I3DCP Bridge
Project Team
Prof. Dr. Norman Hack, Prof. Dr. Harald Kloft, Yinan Xiao (Institute of Structural Design, Technische Universität Braunschweig)
Prof. Dr. Pierluigi D’Acunto, Dr. Patrick Ole Ohlbrock (Professorship of Structural Design, Technical University of Munich)
Jun.-Prof. Dr. Inka Mai (Professorship of Robot-Assisted Manufacturing of the Built Environment, TU Berlin)
Prof. Dr. Dirk Lowke, Aileen Vandenberg, Ph.D. (Institute of Building Materials, Concrete Construction and Fire Safety, Technische Universität Braunschweig)
Sponsors
Volkswagen Stiftung
Matthäi Stiftung
Over the past few decades, the construction industry has undergone significant changes due to the emergence of automation and digitalization. One of the most promising technologies in this regard is 3D concrete printing, which offers numerous advantages over traditional construction methods, including a reduction of materials, waste, and energy, higher degrees of geometric complexity of structural members, and increased automation. However, current additive manufacturing techniques primarily focus on layer-by-layer based 3D printing techniques that are commonly applied in horizontal layers. While layer-by-layer processes feature a set of distinct advantages, there are inherent limitations to them, i.e. a limited ability in geometric complexity such as overhangs, which need additional structural support.
The novel approach of Injection 3D Concrete Printing (I3DCP) has been recently introduced, which challenges the layered build-up and enables more complex spatial printing trajectories. This technology involves the robotic injection of concrete into a non-hardening carrier liquid that supports the printed strands. With this technique, we can create intricate and filigree lightweight structures, which are today completely unknown with concrete as a construction material. Furthermore, the use of I3DCP allows the print path to be aligned with complex spatial stress trajectories that can be treated as strut-and-tie networks in the design phase using equilibrium-based methods such as Vector-based Graphic Statics (VGS).
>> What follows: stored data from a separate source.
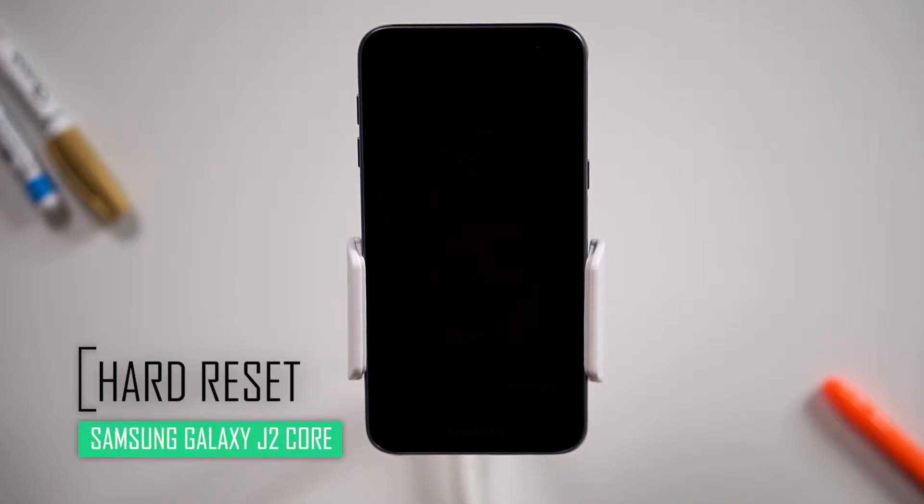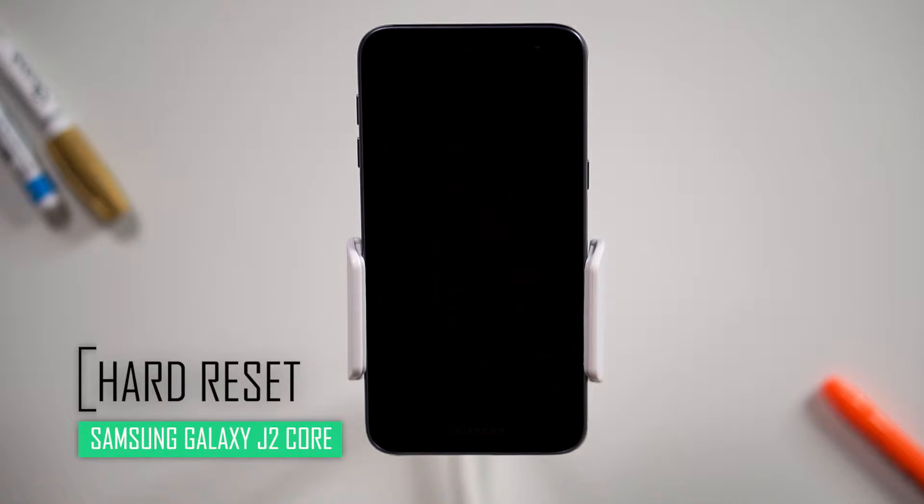Hello everyone! On today's episode of Get Smart with SwapSmart, we will be teaching you how to hard reset your Samsung Galaxy J2 Core.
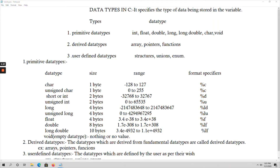Hello everyone. In this video, let us talk about data types in C. So, what is meant by a data type? Data type means it is the type of data being stored in the variable. It specifies the type of data being stored in the variable — what type of data a variable is holding will be specified by the data type.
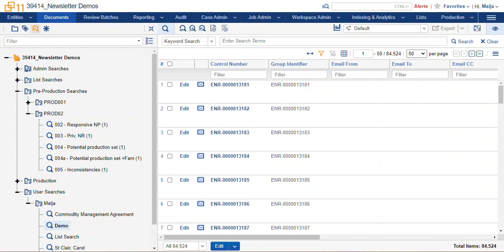So that's the skinny on saving searches, getting organized, searching, finding, moving, copying, all of the things. And thanks so much for joining me today. Happy reviewing! Bye!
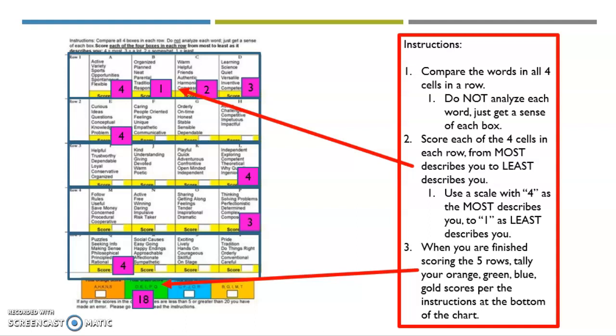Welcome to video two for week six for ITZY. So I'm still on slide eight. I just want to clarify that you've scored each one of these boxes.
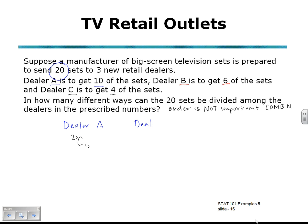Moving on to dealer B: if dealer A has 10 of the sets, how many are left to be given to dealer B? He's only got 20 minus 10 to choose from, and he's going to get 6 of those. So it's going to be 10 choose 6 for dealer B.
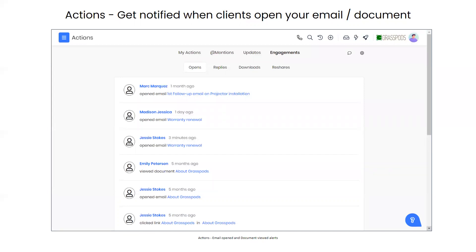The actions page is a great way to get notified when clients open your emails or documents. With email two-way sync, you get email tracking — visible in the engagements tab on the actions page. You can view opens, replies, document downloads, and even reshares of documents you've sent. This helps you keep track of interactions and see who might be interested in what you're sending.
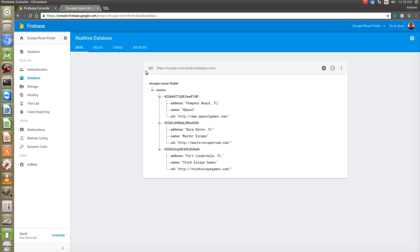Hello YouTube, it's Andy again, and this is going to be another Firebase tutorial. This one's going to be on the console and how to add items from the console into your online database.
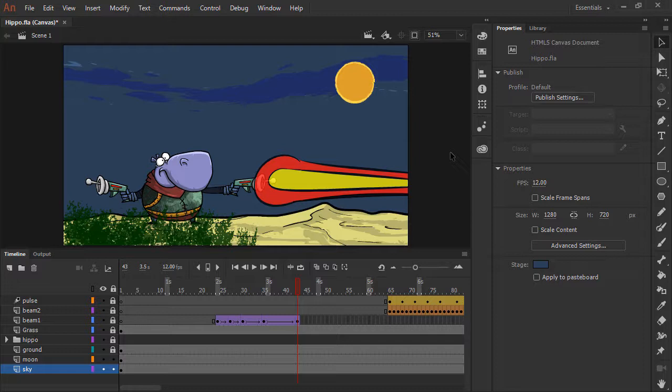These are just some of the ways that you can manipulate, manage, and preserve colors within Animate CC.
VGS is a geometry-based approach to the analysis and design of structures in static equilibrium that is particularly effective for designing spatially complex, lightweight, and material-efficient structures. VGS uses the form diagram to model the geometry of a structure with its applied loads and the force diagram to represent the equilibrium of the forces applied to the nodes of the structure. By combining VGS and I3DCP, the geometry of the lattice structure can be optimized in the early design phase to meet the static requirements and constraints of the I3DCP manufacturing process. The goal is to make 3D concrete printing more efficient, sustainable, and cost-effective and to explore new possibilities for design and construction that were previously unimaginable.